**EXERCISE DIRECTIONS**
Beneath this line sits some data. Return only its lines from the one holding "现货已出。2024夏季中式前" through the one holding "Certified 2024 Chrysler", inclusive, exactly, with the images removed.

**PROVIDED RECORDS**
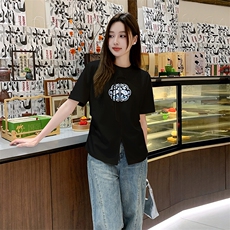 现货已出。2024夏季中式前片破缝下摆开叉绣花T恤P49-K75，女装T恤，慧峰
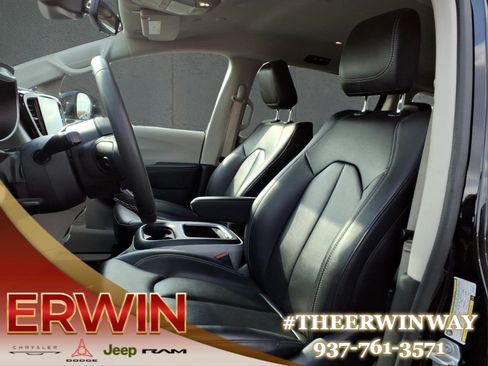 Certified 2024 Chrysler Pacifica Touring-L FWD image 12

---

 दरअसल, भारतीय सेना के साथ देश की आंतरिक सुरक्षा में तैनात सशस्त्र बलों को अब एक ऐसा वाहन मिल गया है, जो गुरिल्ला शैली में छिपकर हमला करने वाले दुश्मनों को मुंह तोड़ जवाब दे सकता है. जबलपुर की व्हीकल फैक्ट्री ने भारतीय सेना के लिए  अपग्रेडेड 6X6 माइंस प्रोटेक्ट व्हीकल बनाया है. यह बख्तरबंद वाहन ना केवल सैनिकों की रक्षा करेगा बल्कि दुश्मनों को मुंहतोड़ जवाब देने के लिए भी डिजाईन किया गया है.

**EXPECTED ANSWER**
 现货已出。2024夏季中式前片破缝下摆开叉绣花T恤P49-K75，女装T恤，慧峰
 Certified 2024 Chrysler Pacifica Touring-L FWD image 12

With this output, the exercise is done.